* Exercise brief: Beginning with the line where "Incredible cosmic beautiful" occurs, set down each line of the records through the final one, exactly and without additions.

Caption-style text data
+++
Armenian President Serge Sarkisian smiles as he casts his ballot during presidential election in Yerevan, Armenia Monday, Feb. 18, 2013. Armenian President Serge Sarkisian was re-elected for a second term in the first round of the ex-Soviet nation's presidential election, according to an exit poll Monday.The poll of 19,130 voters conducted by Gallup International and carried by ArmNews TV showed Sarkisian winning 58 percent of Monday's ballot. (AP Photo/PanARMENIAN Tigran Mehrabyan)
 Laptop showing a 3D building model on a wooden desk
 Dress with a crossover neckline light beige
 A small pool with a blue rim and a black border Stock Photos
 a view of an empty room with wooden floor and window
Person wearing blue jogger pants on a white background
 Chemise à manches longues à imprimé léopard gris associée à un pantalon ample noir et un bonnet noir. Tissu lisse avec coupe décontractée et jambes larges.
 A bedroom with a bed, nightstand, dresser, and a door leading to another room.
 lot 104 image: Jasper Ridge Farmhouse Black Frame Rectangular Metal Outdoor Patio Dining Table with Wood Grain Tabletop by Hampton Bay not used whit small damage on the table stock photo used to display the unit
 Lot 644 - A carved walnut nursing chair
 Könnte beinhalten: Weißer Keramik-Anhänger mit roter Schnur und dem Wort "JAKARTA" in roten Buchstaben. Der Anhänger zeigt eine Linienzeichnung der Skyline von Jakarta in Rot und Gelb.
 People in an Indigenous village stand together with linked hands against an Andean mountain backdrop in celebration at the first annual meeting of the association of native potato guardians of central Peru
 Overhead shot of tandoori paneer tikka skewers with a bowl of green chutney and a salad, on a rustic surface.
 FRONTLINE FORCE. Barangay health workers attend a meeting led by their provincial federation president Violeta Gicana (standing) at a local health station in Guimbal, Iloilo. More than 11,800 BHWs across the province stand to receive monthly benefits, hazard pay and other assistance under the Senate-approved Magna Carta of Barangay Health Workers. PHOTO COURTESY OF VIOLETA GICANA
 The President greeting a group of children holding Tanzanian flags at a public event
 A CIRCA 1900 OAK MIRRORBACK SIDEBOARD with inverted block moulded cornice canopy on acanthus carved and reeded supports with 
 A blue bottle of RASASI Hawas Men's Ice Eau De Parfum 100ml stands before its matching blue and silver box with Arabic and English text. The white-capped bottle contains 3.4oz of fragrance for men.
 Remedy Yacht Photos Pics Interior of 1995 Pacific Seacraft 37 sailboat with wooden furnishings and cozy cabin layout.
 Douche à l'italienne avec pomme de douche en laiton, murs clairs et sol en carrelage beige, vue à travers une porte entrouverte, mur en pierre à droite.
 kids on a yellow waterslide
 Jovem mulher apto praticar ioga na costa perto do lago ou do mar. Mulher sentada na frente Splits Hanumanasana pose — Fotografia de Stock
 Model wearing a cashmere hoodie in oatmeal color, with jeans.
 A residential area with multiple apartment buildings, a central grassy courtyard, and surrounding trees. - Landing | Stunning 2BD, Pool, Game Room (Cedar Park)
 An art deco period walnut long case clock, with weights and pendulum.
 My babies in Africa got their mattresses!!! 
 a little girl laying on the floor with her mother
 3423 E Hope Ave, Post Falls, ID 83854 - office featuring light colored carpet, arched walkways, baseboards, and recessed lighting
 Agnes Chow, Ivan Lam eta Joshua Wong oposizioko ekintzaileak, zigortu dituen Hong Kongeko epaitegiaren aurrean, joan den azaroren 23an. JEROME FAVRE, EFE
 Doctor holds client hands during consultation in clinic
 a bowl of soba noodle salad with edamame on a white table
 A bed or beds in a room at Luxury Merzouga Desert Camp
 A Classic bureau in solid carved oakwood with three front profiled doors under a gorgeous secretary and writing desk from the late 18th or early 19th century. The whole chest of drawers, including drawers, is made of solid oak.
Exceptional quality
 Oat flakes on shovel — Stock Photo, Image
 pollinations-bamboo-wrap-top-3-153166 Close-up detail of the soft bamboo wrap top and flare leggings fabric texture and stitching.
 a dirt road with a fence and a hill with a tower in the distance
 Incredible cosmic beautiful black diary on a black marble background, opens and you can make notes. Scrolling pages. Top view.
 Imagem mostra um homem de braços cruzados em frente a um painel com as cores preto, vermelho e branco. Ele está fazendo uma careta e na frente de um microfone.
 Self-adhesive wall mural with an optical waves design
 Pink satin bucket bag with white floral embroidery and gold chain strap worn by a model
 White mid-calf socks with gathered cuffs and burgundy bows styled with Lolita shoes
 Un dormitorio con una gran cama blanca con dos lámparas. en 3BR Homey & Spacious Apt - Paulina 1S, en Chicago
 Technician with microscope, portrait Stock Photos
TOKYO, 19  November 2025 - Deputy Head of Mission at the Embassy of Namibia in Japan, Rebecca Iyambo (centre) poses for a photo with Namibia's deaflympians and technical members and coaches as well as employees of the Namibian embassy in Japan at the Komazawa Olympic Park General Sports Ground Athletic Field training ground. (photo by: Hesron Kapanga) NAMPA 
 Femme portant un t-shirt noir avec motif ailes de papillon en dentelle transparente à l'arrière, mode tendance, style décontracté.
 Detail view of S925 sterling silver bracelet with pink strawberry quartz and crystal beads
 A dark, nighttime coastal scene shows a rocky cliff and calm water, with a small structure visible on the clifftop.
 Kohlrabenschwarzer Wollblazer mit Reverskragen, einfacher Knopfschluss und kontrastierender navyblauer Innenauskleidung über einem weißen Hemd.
+++
* Response to this task:
 Incredible cosmic beautiful black diary on a black marble background, opens and you can make notes. Scrolling pages. Top view.
 Imagem mostra um homem de braços cruzados em frente a um painel com as cores preto, vermelho e branco. Ele está fazendo uma careta e na frente de um microfone.
 Self-adhesive wall mural with an optical waves design
 Pink satin bucket bag with white floral embroidery and gold chain strap worn by a model
 White mid-calf socks with gathered cuffs and burgundy bows styled with Lolita shoes
 Un dormitorio con una gran cama blanca con dos lámparas. en 3BR Homey & Spacious Apt - Paulina 1S, en Chicago
 Technician with microscope, portrait Stock Photos
TOKYO, 19  November 2025 - Deputy Head of Mission at the Embassy of Namibia in Japan, Rebecca Iyambo (centre) poses for a photo with Namibia's deaflympians and technical members and coaches as well as employees of the Namibian embassy in Japan at the Komazawa Olympic Park General Sports Ground Athletic Field training ground. (photo by: Hesron Kapanga) NAMPA 
 Femme portant un t-shirt noir avec motif ailes de papillon en dentelle transparente à l'arrière, mode tendance, style décontracté.
 Detail view of S925 sterling silver bracelet with pink strawberry quartz and crystal beads
 A dark, nighttime coastal scene shows a rocky cliff and calm water, with a small structure visible on the clifftop.
 Kohlrabenschwarzer Wollblazer mit Reverskragen, einfacher Knopfschluss und kontrastierender navyblauer Innenauskleidung über einem weißen Hemd.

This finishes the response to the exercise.